Alte, auch oft gute Zeit. Peter Niemeyer (links) vor neun Jahren im Trikot von Herha BSC.
Alte, auch oft gute Zeit. Peter Niemeyer (links) vor neun Jahren im Trikot von Herha BSC.
© picture alliance/dpa

Die Einnahmen aus dem Spiel sind für Ihren Klub wichtig, inwieweit lässt sich mit dem Spiel auch an Renommee gewinnen? In Münster klebt an jedem Laternenpfahl ein Preußen-Aufkleber, der Klub ist von der Beliebtheit her die Nummer Eins in der Stadt, obwohl nur viertklassig. Münster hat mehr als 300 000 Einwohnende, so ein Klub mit dem Hintergrund gehört gefühlt nicht in die Regionalliga.
Da ist halt diese Diskrepanz zwischen dem Ist-Zustand und wo man sich selber sieht. Es steht nirgendwo festgeschrieben, dass Hertha BSC in die Bundesliga gehört und Preußen Münster in die Zweite oder Dritte Liga. Wir sind Gründungsmitglied der Bundesliga, aber wir tun als Verein gut daran, die Sache mit einer gewissen Demut anzugehen. Man muss halt dafür auch was machen, damit es nach oben geht.

„Lars Windhorst scheint gut für Hertha zu sein“

Die Nähe zur Stadt haben Sie, Sie sind unweit von Münster geboren.
Ich bin zwischen Münster und Osnabrück groß geworden, in Riesenbeck. Aber ich bin früh nach Holland gegangen und dann zu Werder Bremen. Die Nähe zum Stadion habe ich erst jetzt aufgebaut.

Das Preußenstadion wird in wenigen Jahren 100, wurde oft umgebaut und ist nicht im allerbesten Zustand. Wie sehen Sie das?
Das Thema beherrscht Münster schon einige Dekaden, aber jetzt sind wir so nah dran wie nie. Im nächsten Jahr wird, so ist der Plan, die gesperrte Kurve abgerissen, die Pläne stehen für den Umbau. Damit schaffen wir ein Fundament, um wieder höherklassig spielen zu dürfen. Andere Vereine im Umland sind uns einfach enteilt – weil sie das vorhandene Budget in die Struktur gesteckt haben. Mit dem Bestreben, ein Nachwuchsleistungszentrum aufzubauen, werden auch wir weitere strukturelle Maßnahmen treffen, um nachhaltig Erfolg zu haben. Der Weg ist sicher schwierig, weil wir nicht den einen großen Investor haben.
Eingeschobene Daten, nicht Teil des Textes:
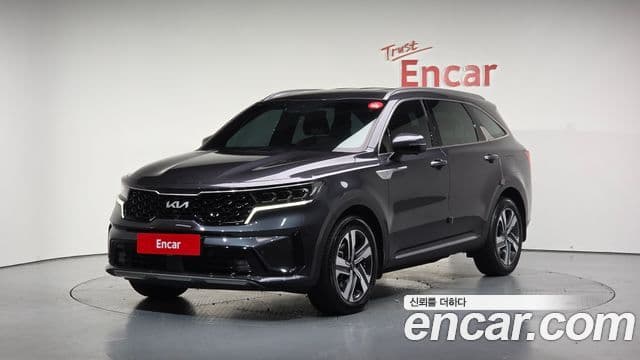 Kia Sorento 4세대 Signature, 2022 1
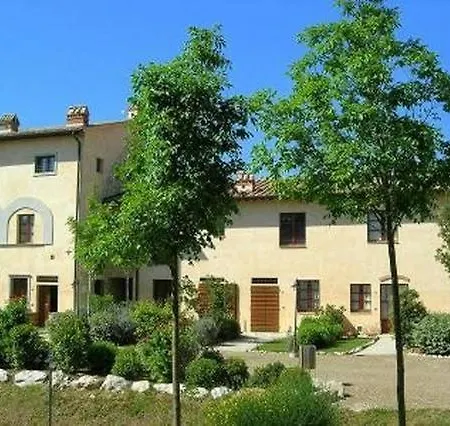 شقة La Finestra Sul Borgo غامباسي تيرمي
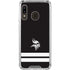 NFL Minnesota Vikings Shutout Galaxy A30 Clear Case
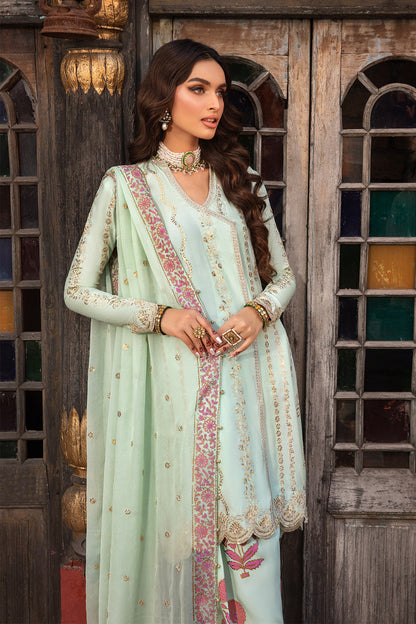 So Kamal | Wedding Festive 24 | SAWARA - Ladies Clothes - Maria Faisal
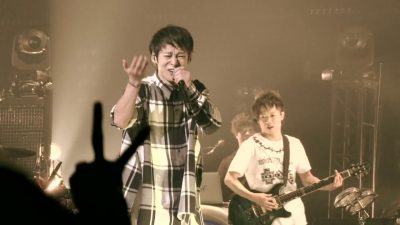 Uverworld ライブハウスツアー17 セトリ 感想レポ グッズ画像まとめ 新時代レポ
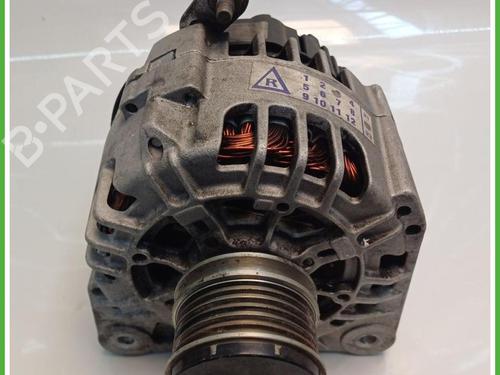 Alternator NISSAN NOTE (E11, NE11) 1.5 dCi | BP40145781M7 - Image 2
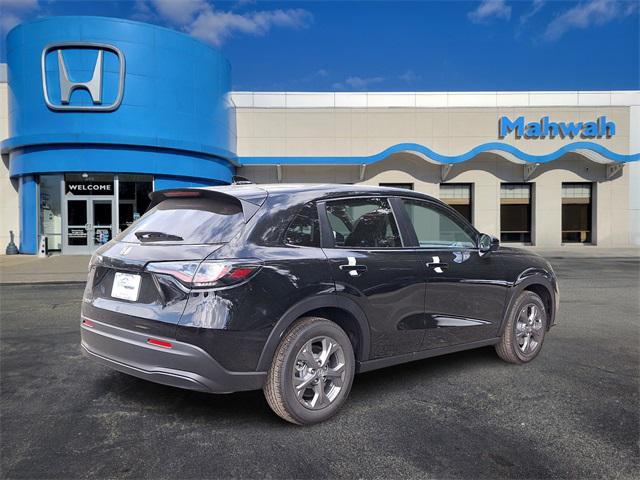 new 2026 Honda HR-V car, priced at $29,095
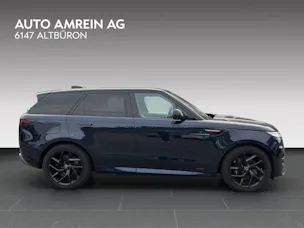Land Rover Range Rover Sport 3.0 Si6 P510e Autobiography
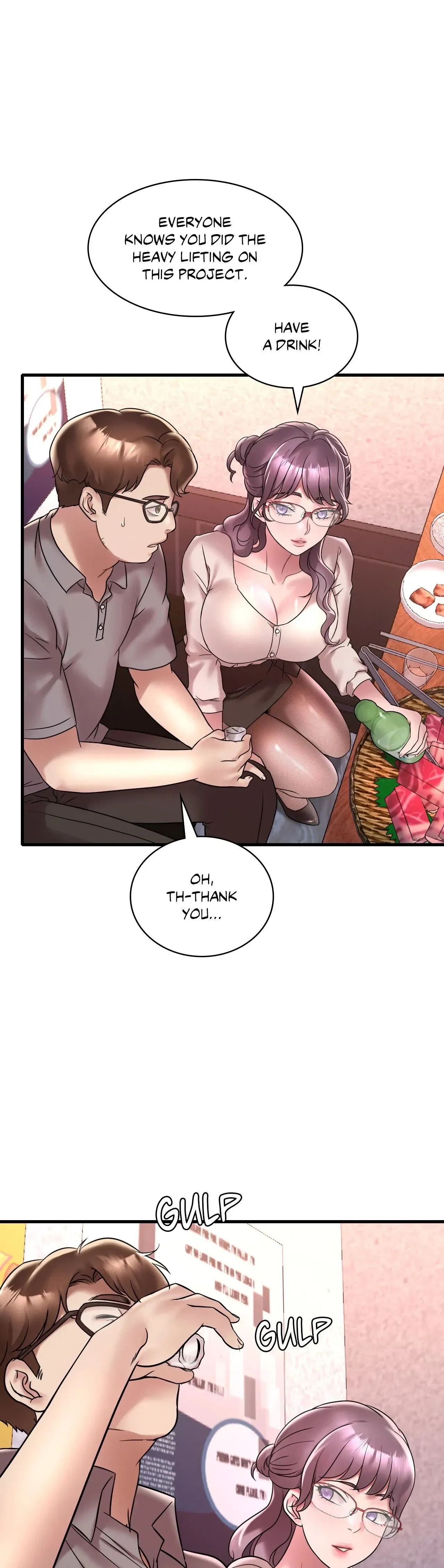 Read Drunk on You chapter 35 image 35 on Lezhin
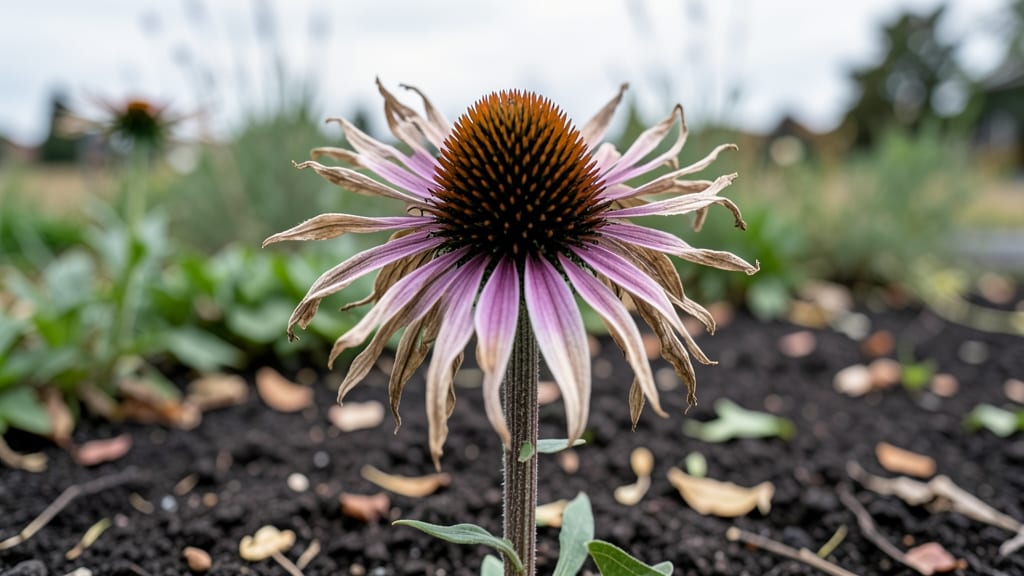 Echinacea Seed Heads: Drying Tricks for Zero-Waste Seed Saving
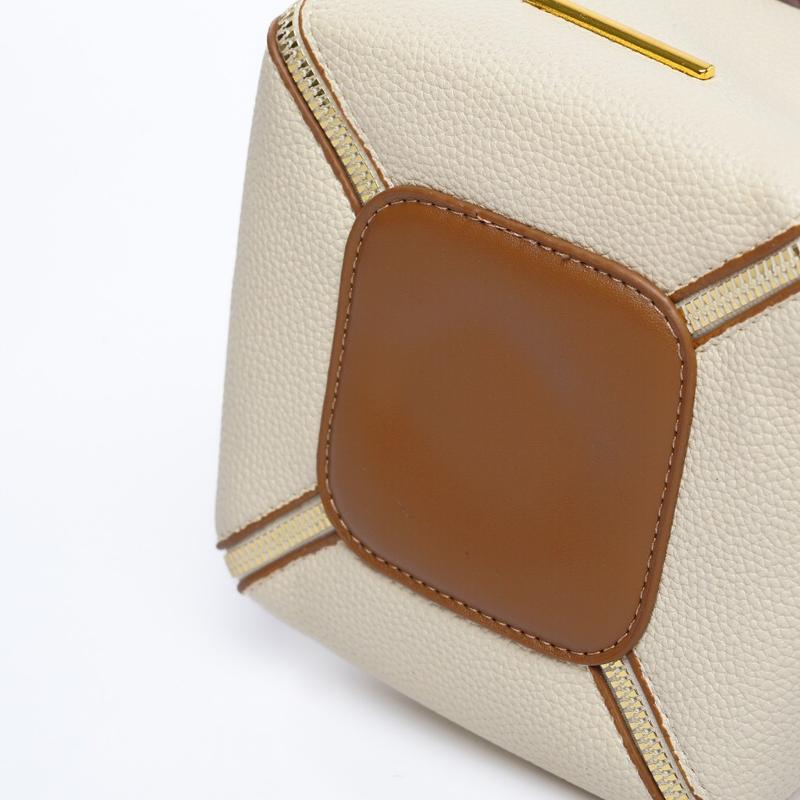 ELORI - BRENDA BAG / TAS SELEMPANG WANITA / TAS FASHION WANITA TERLARIS / TAS SELEMPANG MURAH COD / SLING BAG / SHOULDER BAG / TAS KULIAH / TAS KERJA Kulit Premium | Slingbag 2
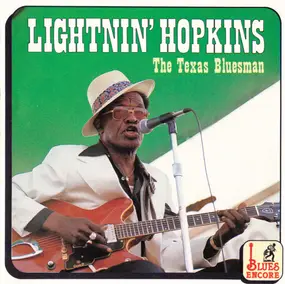 Lightnin'hopkins - The Texas Bluesman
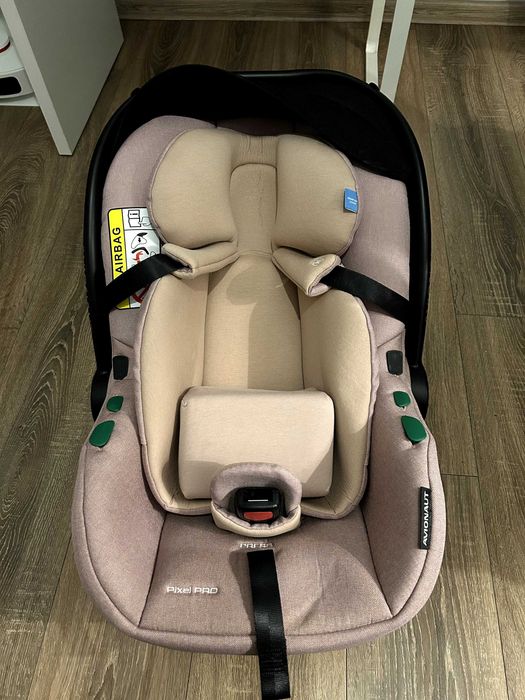 Scoica Auto Avionaut Pixel PRO i-Size 2.0 C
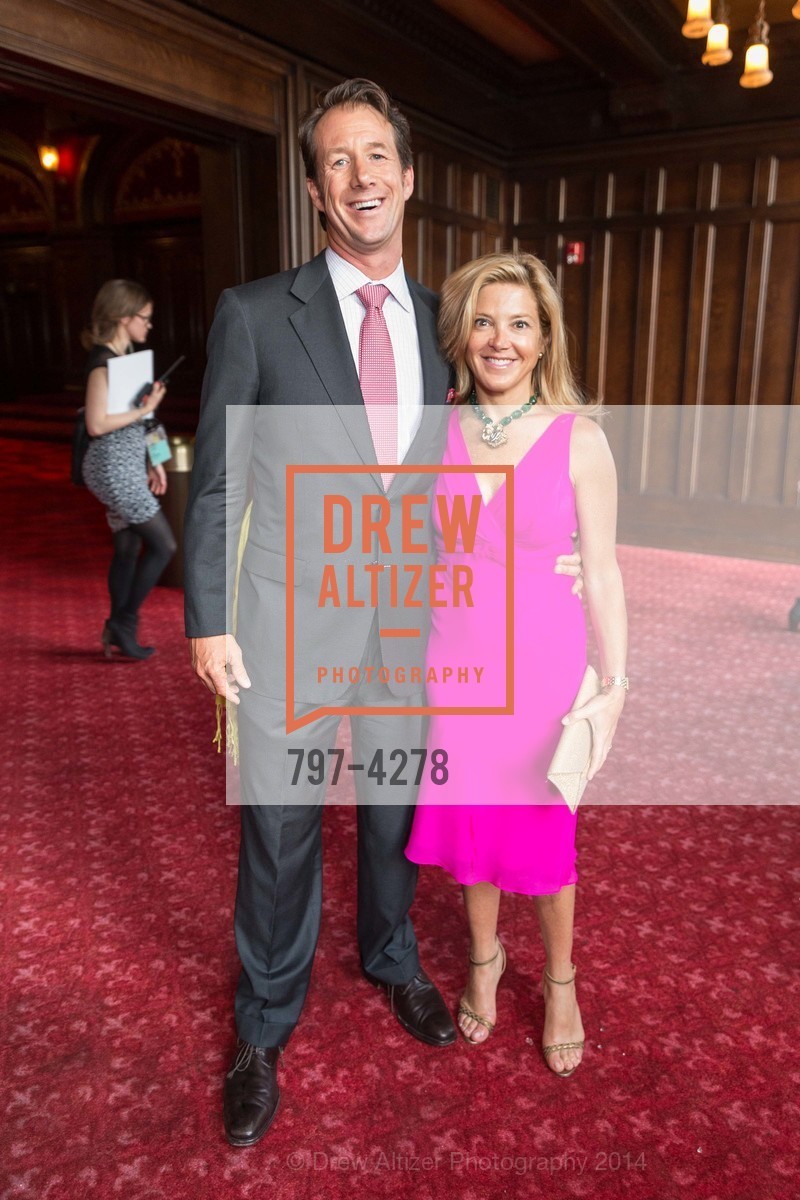 Bo Lasater, Kathryn Lasater, The 57th Annual SAN FRANCISCO INTERNATIONAL FILM FESTIVAL'S Awards Night, US, May 1st, 2014, Photo #797-4278 Bo Lasater, Kathryn Lasater, Photo #797-4278
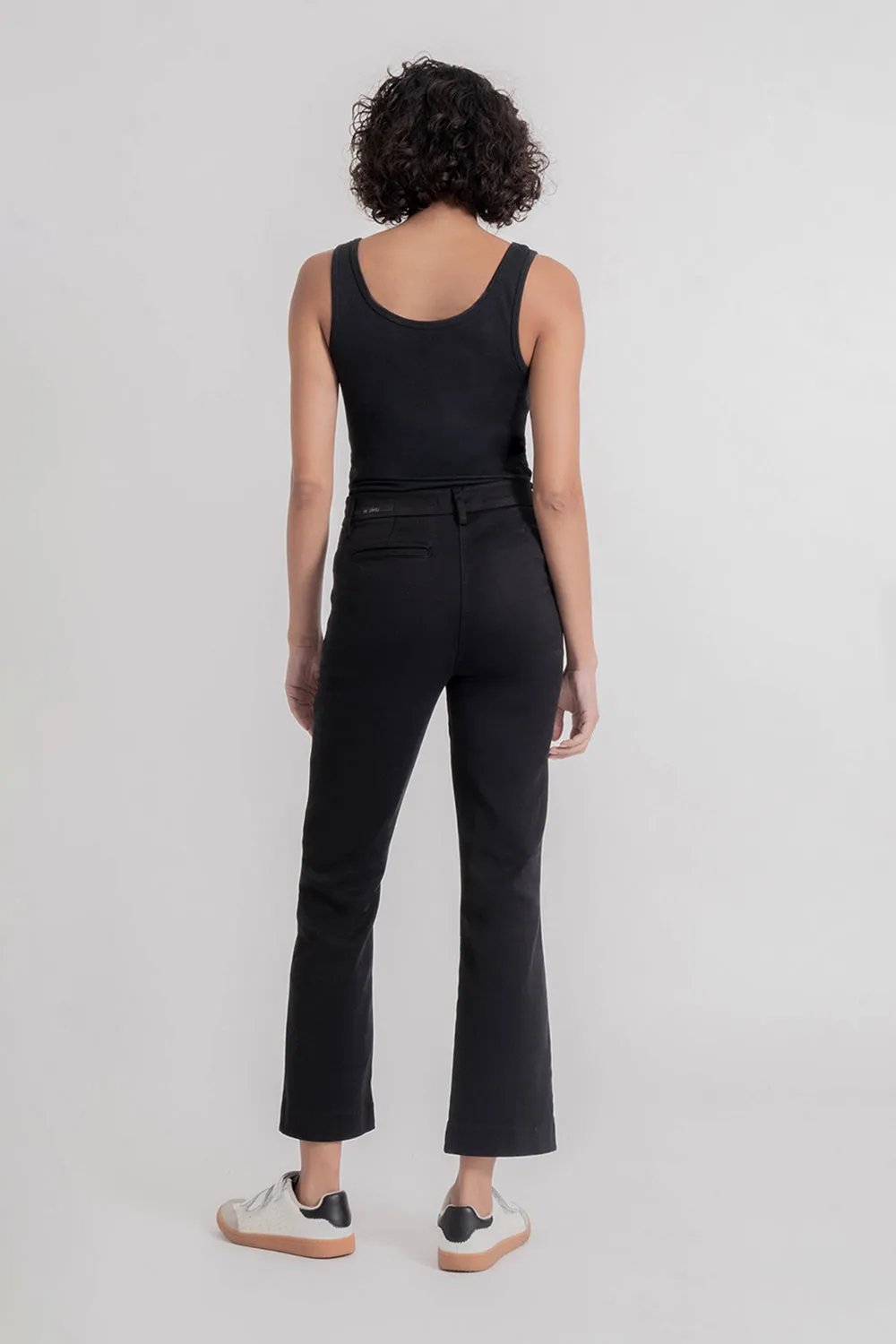 Francis Seamed Double Welt Pant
Das Modell großer Investor ist im deutschen Profifußball immer weiter verbreitet. Oberklassig gibt es viele Klubs, die es früher noch nicht gab und die nur Dank großer Investitionen nach oben kommen konnten. Wie sehen Sie das?
Das Problem ist doch, die Traditionsvereine haben es schwer. Oft sind Traditionsklubs große Kreuzfahrtschiffe, die schwer zu manövrieren sind und die Vereine mit einem Großinvestor sind Schnellboote, die wesentlich flexibler sind und schnell reagieren können.

Hat es deshalb ein Retortenklub wie RB Leipzig einfacher? Weil die eher weniger mit ihren Mitgliedern diskutieren und einfach machen?
Das muss nicht so sein. Ein großer Investor kann eben auch hilfreich sein. Lars Windhorst bei Hertha scheint gut zu sein, auch wenn ich da natürlich sehr weit weg bin. Es scheint mir seriös zu sein, was da in Berlin gemacht wird.

Lars Windhorst hat sich für Berlin und nicht für Münster entschieden. Was muss passieren, damit es bei den Preußen aufwärts geht?
Der Stadionbau ist der Hebel, dann brauche wir neue Trainingsplätze und wenn wir das mit der Struktur hinbekommen werden, dann wird es aufwärts gehen hier in Münster. Da bin ich mir sicher.